Write out exactly, with no other output, the lines below from the one that contains "Used 2020 Stone" through the end.

:: Given data ::

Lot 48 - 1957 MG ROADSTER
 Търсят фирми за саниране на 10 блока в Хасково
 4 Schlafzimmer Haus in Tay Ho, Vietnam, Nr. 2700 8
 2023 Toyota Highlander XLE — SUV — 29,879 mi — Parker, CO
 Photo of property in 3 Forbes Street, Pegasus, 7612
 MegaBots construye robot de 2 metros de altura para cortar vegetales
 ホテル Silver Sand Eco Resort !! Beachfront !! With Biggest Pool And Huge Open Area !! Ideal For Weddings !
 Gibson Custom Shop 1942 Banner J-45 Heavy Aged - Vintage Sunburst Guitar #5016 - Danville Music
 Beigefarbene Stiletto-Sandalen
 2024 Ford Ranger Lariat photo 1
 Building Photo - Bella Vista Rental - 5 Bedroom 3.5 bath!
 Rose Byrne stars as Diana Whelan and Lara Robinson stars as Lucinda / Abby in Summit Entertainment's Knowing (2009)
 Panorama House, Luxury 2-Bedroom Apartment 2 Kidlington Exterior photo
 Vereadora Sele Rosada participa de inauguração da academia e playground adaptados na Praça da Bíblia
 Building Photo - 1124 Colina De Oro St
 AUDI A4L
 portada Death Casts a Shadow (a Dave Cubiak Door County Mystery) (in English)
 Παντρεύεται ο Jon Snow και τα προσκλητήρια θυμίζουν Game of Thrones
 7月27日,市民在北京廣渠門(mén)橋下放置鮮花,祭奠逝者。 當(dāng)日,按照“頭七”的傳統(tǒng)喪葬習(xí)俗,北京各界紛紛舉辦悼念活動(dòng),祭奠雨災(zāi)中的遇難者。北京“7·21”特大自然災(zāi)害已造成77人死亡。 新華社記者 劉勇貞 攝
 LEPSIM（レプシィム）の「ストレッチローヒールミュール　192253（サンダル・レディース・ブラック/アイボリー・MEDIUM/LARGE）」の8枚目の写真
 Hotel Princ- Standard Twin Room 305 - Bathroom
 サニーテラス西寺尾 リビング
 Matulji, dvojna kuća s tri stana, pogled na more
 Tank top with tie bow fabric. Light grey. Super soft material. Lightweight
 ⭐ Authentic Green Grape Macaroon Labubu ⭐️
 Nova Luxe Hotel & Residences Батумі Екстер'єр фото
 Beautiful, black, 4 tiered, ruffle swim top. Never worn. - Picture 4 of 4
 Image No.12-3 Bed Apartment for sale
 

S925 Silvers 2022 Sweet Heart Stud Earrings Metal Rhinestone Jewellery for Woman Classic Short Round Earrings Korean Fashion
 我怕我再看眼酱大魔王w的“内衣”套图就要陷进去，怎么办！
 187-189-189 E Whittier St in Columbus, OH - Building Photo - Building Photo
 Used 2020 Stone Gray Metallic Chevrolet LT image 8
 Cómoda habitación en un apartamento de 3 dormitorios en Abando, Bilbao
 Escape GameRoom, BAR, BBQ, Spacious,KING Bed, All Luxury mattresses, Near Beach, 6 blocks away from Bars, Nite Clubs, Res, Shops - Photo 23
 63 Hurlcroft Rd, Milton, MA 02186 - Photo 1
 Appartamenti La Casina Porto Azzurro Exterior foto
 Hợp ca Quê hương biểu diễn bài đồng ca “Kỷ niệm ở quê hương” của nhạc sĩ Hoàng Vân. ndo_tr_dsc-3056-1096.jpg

:::

# Exercise response
 Used 2020 Stone Gray Metallic Chevrolet LT image 8
 Cómoda habitación en un apartamento de 3 dormitorios en Abando, Bilbao
 Escape GameRoom, BAR, BBQ, Spacious,KING Bed, All Luxury mattresses, Near Beach, 6 blocks away from Bars, Nite Clubs, Res, Shops - Photo 23
 63 Hurlcroft Rd, Milton, MA 02186 - Photo 1
 Appartamenti La Casina Porto Azzurro Exterior foto
 Hợp ca Quê hương biểu diễn bài đồng ca “Kỷ niệm ở quê hương” của nhạc sĩ Hoàng Vân. ndo_tr_dsc-3056-1096.jpg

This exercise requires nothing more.